EXERCISE BRIEF — Retype the records below exactly. Leave nothing out.

THE DATA —
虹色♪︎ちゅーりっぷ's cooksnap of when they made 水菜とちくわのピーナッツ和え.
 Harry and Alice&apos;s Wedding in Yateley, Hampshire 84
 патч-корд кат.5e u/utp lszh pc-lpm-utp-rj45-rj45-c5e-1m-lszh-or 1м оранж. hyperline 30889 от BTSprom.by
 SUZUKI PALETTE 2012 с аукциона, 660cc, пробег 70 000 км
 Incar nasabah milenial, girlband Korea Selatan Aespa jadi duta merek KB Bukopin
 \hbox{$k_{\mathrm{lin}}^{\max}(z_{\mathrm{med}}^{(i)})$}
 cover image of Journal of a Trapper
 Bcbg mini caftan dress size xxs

ANSWER AREA —
虹色♪︎ちゅーりっぷ's cooksnap of when they made 水菜とちくわのピーナッツ和え.
 Harry and Alice&apos;s Wedding in Yateley, Hampshire 84
 патч-корд кат.5e u/utp lszh pc-lpm-utp-rj45-rj45-c5e-1m-lszh-or 1м оранж. hyperline 30889 от BTSprom.by
 SUZUKI PALETTE 2012 с аукциона, 660cc, пробег 70 000 км
 Incar nasabah milenial, girlband Korea Selatan Aespa jadi duta merek KB Bukopin
 \hbox{$k_{\mathrm{lin}}^{\max}(z_{\mathrm{med}}^{(i)})$}
 cover image of Journal of a Trapper
 Bcbg mini caftan dress size xxs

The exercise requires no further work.